**ACTION ITEM:** Could the records below please be retyped exactly, with their pictures left out?

--- START ---

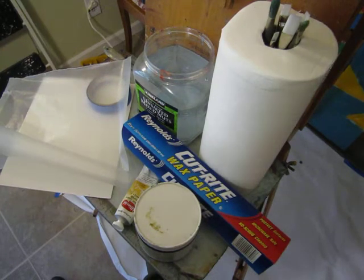All right, we're finally there. Can you believe it? We're at the point where you get to start painting. Isn't that great? Let's talk about how to set up here for a moment. Below I have the items you might want to consider using.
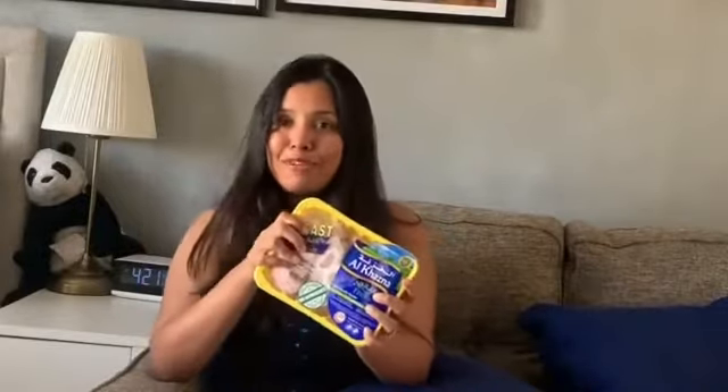Hi guys! We are back with another recipe using Alcaza's fresh chicken. We are using the chicken breasts to create a spicy bread to get the flavor out of it.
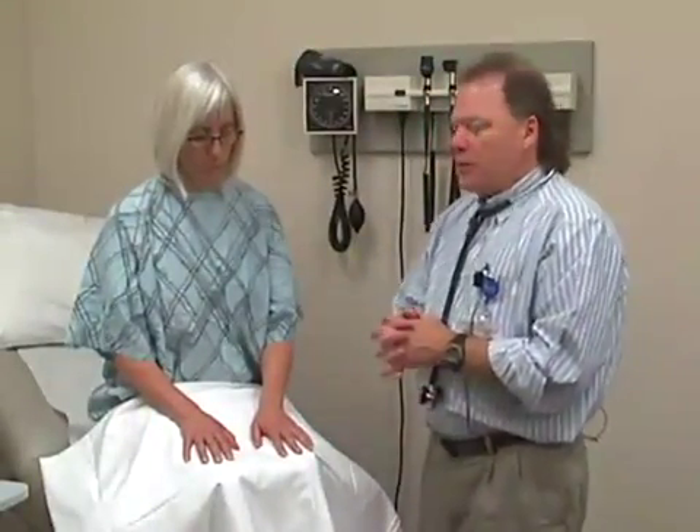I'm also observing her breathing to see if she may be in distress. After making this general assessment, we move on to vital signs. The first vital sign is weight and the second is height, which are used to determine body mass index or BMI. That will have been done prior to Mary arriving for the exam today.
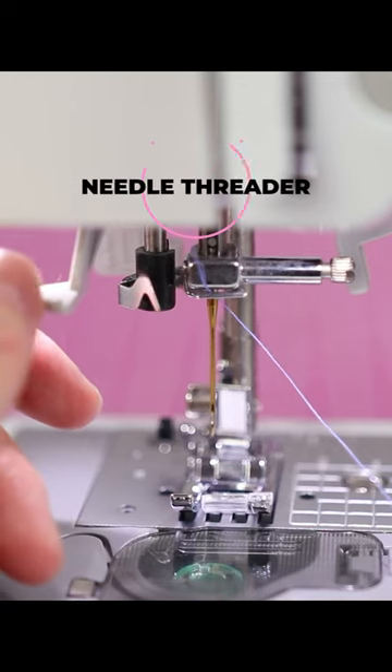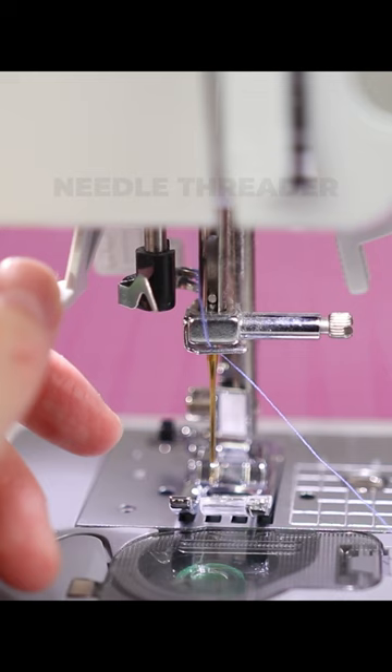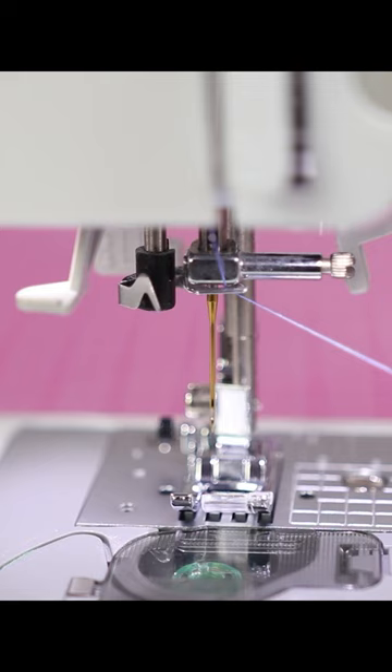If you do use the needle threader, the needle needs to be in the highest position it can be. You see how it's lower here — you want to raise it. This is a little hard to explain, so I'm going to try to show you how the needle threader works. It's this little part here and then it's this lever.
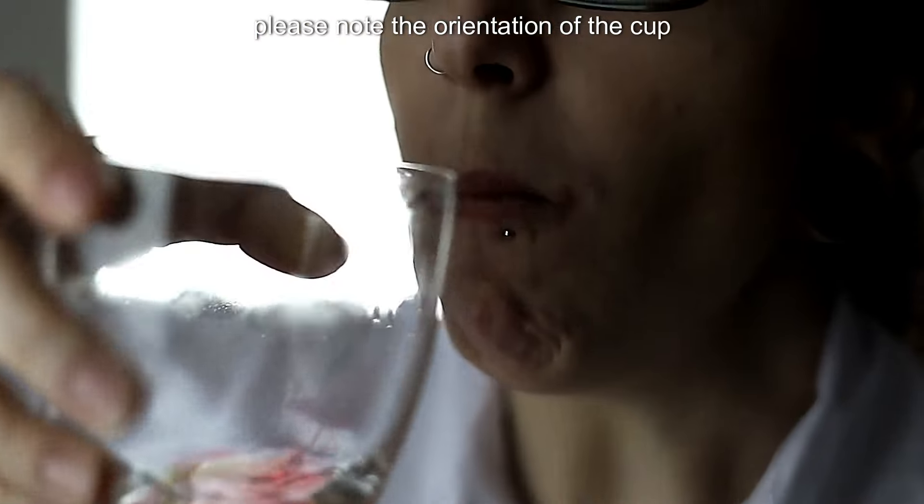Please note the orientation of the cup. Most effective.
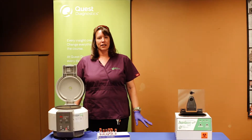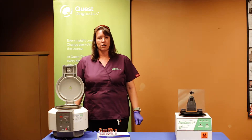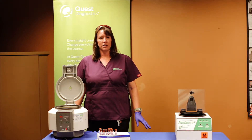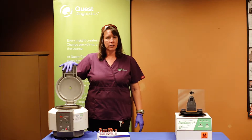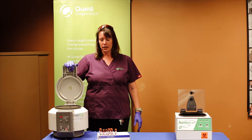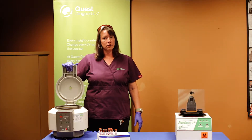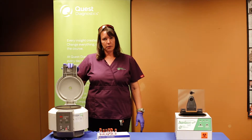Hi, I'm Jeri with Quest Diagnostics Health Fair Department, and today I'm going to be showing you what our centrifuges are for the types of health fairs that we do. What I'm going to be showing you today is our big centrifuge that most of the time will be out at our statewide sites. This is called a CL2 centrifuge, and it is what's called a 16-cup centrifuge.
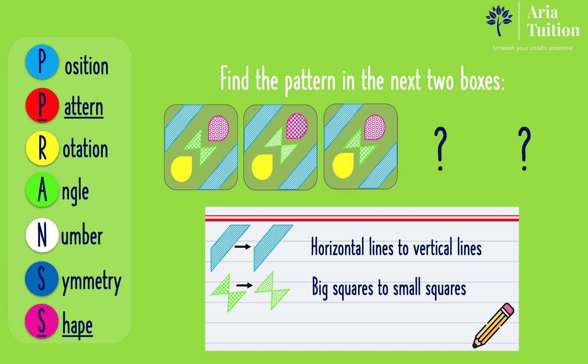Now let's look at the pink teardrop shape. It is first patterned with small pink squares which become big pink squares. Therefore, the small pink squares become big pink squares. The yellow teardrop shape remains with the same color and the same pattern.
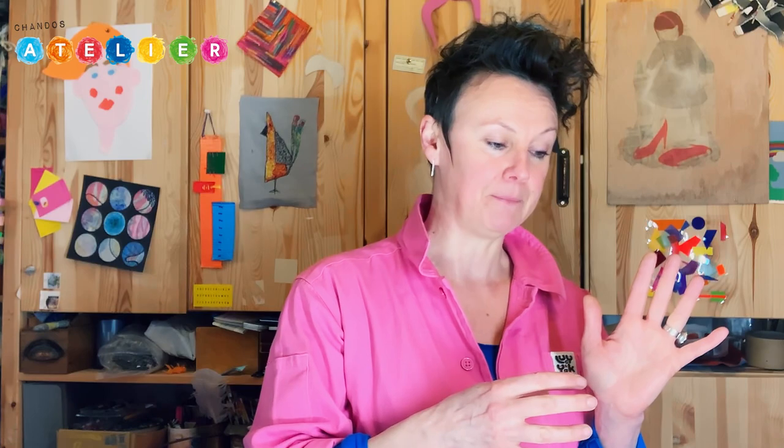Today, everything that we've got inside the pack is raised a little bit, because we're going to think about rubbing. Rubbing is something that you might well have done before. You might have taken a coin or a piece of wood or a leaf and put a piece of paper on top and taken a crayon and rubbed it. You'll see that the paper gets the shape or the texture of what's underneath it. And this is basically where we're starting. I'm going to show you a few different ways to do some rubbing, a few different things that you can use and ways to kind of make this into artwork.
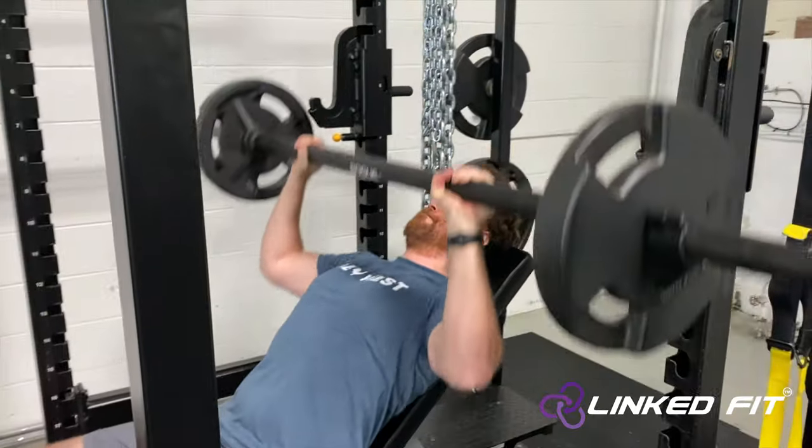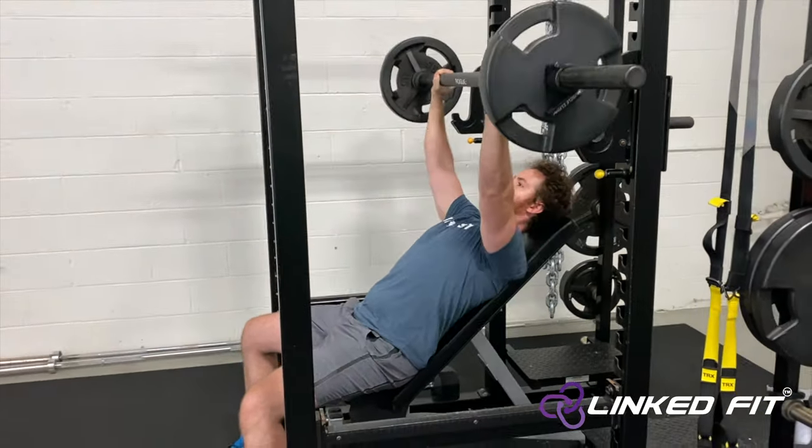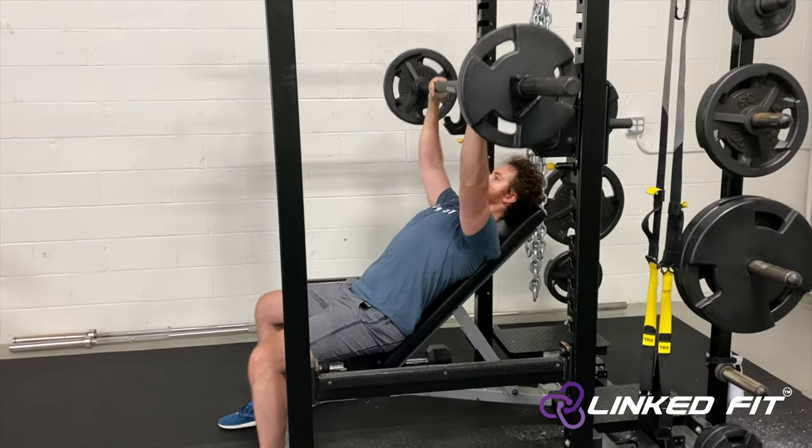While maintaining this incline position, grab the bar and lower the bar down to your chest and extend your arms to push the bar back up.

--- END ---

**ANSWER:**
All right, we're finally there. Can you believe it? We're at the point where you get to start painting. Isn't that great? Let's talk about how to set up here for a moment. Below I have the items you might want to consider using.
Hi guys! We are back with another recipe using Alcaza's fresh chicken. We are using the chicken breasts to create a spicy bread to get the flavor out of it.
I'm also observing her breathing to see if she may be in distress. After making this general assessment, we move on to vital signs. The first vital sign is weight and the second is height, which are used to determine body mass index or BMI. That will have been done prior to Mary arriving for the exam today.
If you do use the needle threader, the needle needs to be in the highest position it can be. You see how it's lower here — you want to raise it. This is a little hard to explain, so I'm going to try to show you how the needle threader works. It's this little part here and then it's this lever.
Please note the orientation of the cup. Most effective.
Hi, I'm Jeri with Quest Diagnostics Health Fair Department, and today I'm going to be showing you what our centrifuges are for the types of health fairs that we do. What I'm going to be showing you today is our big centrifuge that most of the time will be out at our statewide sites. This is called a CL2 centrifuge, and it is what's called a 16-cup centrifuge.
Now let's look at the pink teardrop shape. It is first patterned with small pink squares which become big pink squares. Therefore, the small pink squares become big pink squares. The yellow teardrop shape remains with the same color and the same pattern.
Today, everything that we've got inside the pack is raised a little bit, because we're going to think about rubbing. Rubbing is something that you might well have done before. You might have taken a coin or a piece of wood or a leaf and put a piece of paper on top and taken a crayon and rubbed it. You'll see that the paper gets the shape or the texture of what's underneath it. And this is basically where we're starting. I'm going to show you a few different ways to do some rubbing, a few different things that you can use and ways to kind of make this into artwork.
While maintaining this incline position, grab the bar and lower the bar down to your chest and extend your arms to push the bar back up.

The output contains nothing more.